Nobody uses the first any more, except as a misspelling of the second, as we did on Sunday, in our round-up of the US comedy shows’ responses to the third presidential debate: “Primarily – as many have come to expect – Donald Trump received the majority of flack, mainly in thanks to his comments about seemingly not accepting the election result if he doesn’t win.”
Actually, spelling flak wrongly was the least of that sentence’s problems. We did not need “primarily” as well as “the majority of”. I’m not sure if “in thanks” is an American usage, but I haven’t heard it in Britain. By the time we get to “seemingly” it is time to rewrite the whole thing: “As many have come to expect, Donald Trump received most of the flak, mainly thanks to his refusal to say he would accept the election result if he didn’t win.”

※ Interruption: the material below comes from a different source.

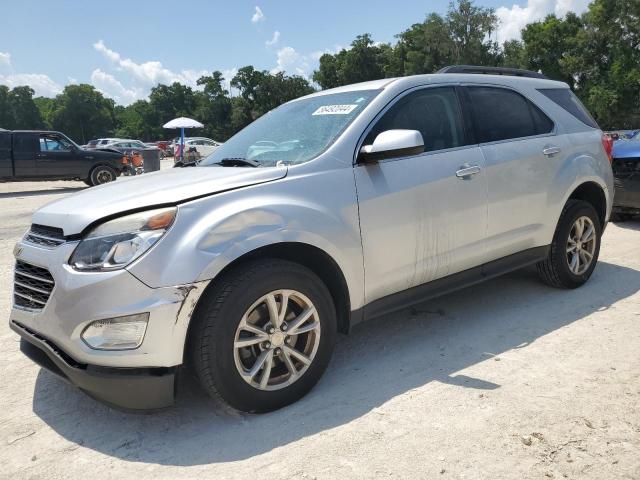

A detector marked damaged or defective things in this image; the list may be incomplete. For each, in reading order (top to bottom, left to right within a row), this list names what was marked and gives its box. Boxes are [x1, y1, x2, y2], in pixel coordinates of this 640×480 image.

cracked hood [32, 164, 288, 235]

Noon or midnight? We said last Friday that an “internet outage ... began shortly after 12pm BST”. Richard Harvey wrote to say that “outage” is a ghastly word and that he was never sure what “12pm” is supposed to mean.
I don’t agree about outage. It is a short, unambiguous word and I can’t think of a better noun to describe a time when a website or server is not working. But 12pm is a horror. There is a convention that 12am is midnight and 12pm is noon. This seems neat, because it means that 12.00pm, 12.01pm, 12.02pm and so on are all “pm”.
But the National Physical Laboratory rightly points out that it is confusing, and says that, “given this ambiguity, the terms 12am and 12pm should be avoided”. We should have said “12 noon BST”.
In the middle: Fifteen headlines used “amid” this week, so it is unfair to light on just two examples. It can be a useful piece of journalese, especially if, for legal reasons, we want to avoid defaming someone by suggesting cause and effect. But “UK deploys hundreds of troops and aircraft to eastern Europe amid Russia tensions” on Thursday had no such excuse. “... as Russia tensions rise” would have been fine.
Best of the crop, though, was this, also on Thursday: “O2 gets cold feet over flotation plans as Misys pulls the plug amid sinking market.” A company’s feet become colder as the water drains out, but, before it drains completely, a market sinks, presumably stalls and all. As my predecessor Guy Keleny used to say, I’d like to see the diagram illustrating that one.